The data that follows must be transcribed in full and exactly, minus the pictures.

### Given data
◇ ◇ ◇ ◇ ◇ ◇ ◇

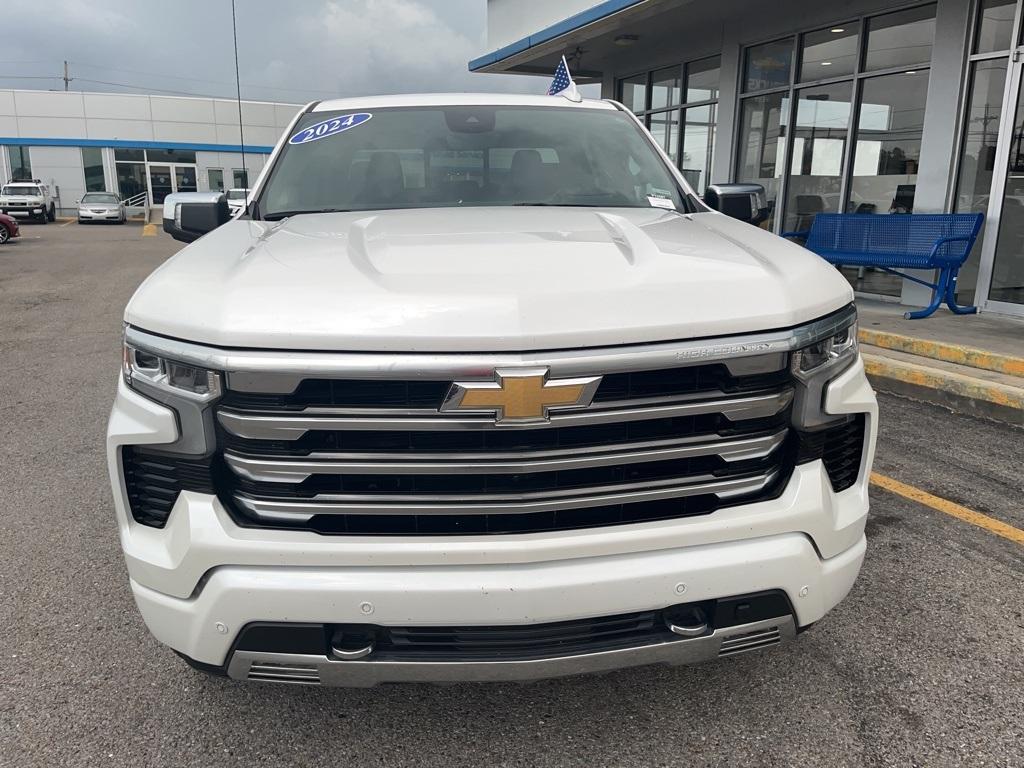 used 2024 Chevrolet Silverado 1500 car, priced at $61,995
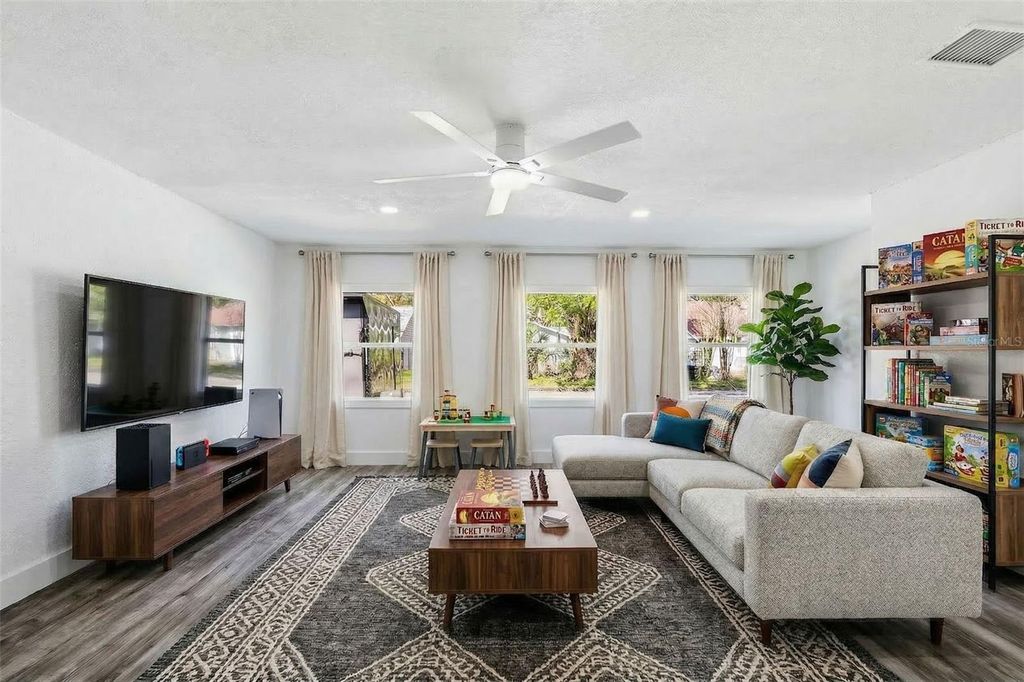 Image 26 of property listing at 10217 N PAWNEE AVENUE, Tampa, FL 33617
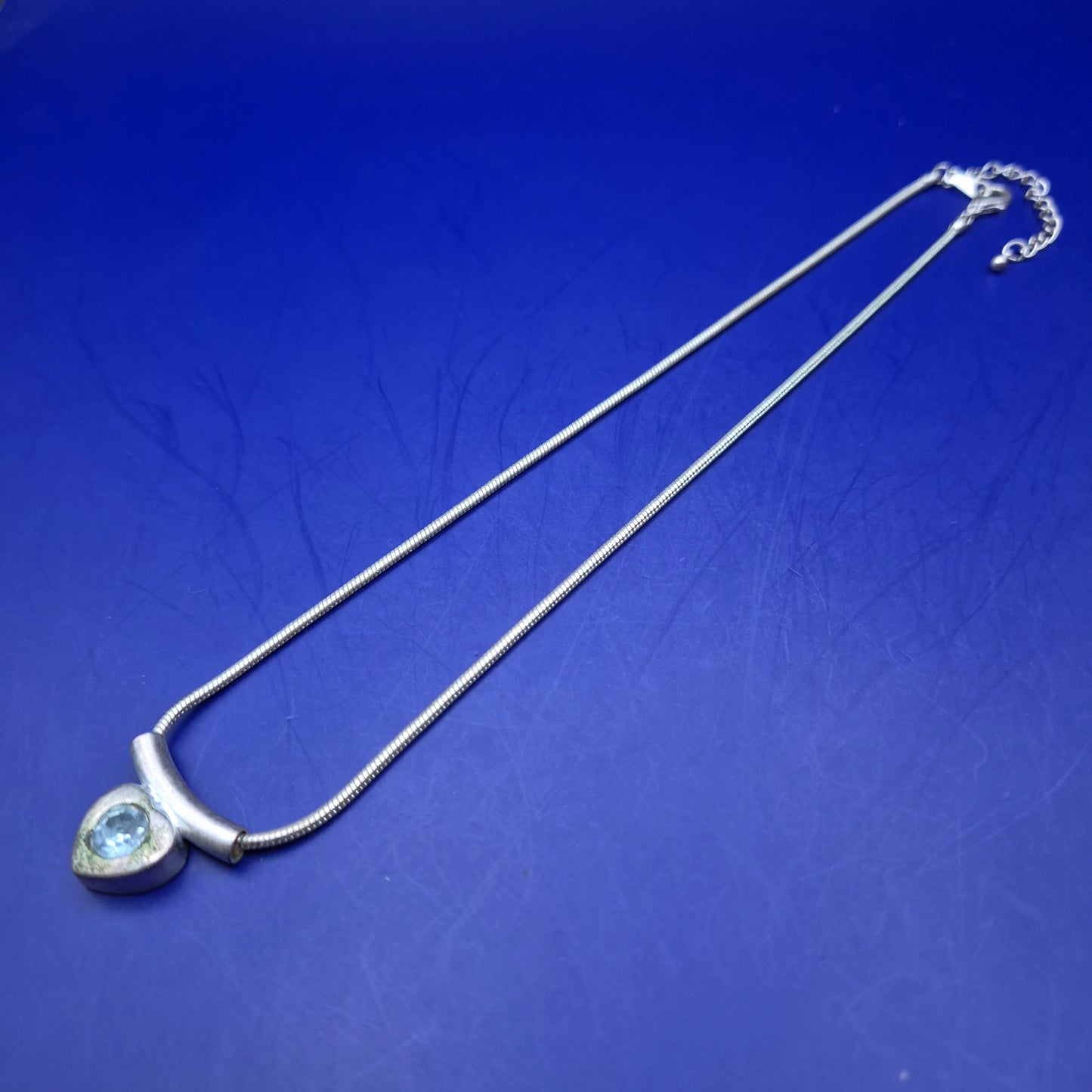 Stilvolle Silber Kette mit Herzanhänger und Blautopas – Modernes Design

◇ ◇ ◇ ◇ ◇ ◇ ◇

### Response area
 used 2024 Chevrolet Silverado 1500 car, priced at $61,995
 Image 26 of property listing at 10217 N PAWNEE AVENUE, Tampa, FL 33617
 Stilvolle Silber Kette mit Herzanhänger und Blautopas – Modernes Design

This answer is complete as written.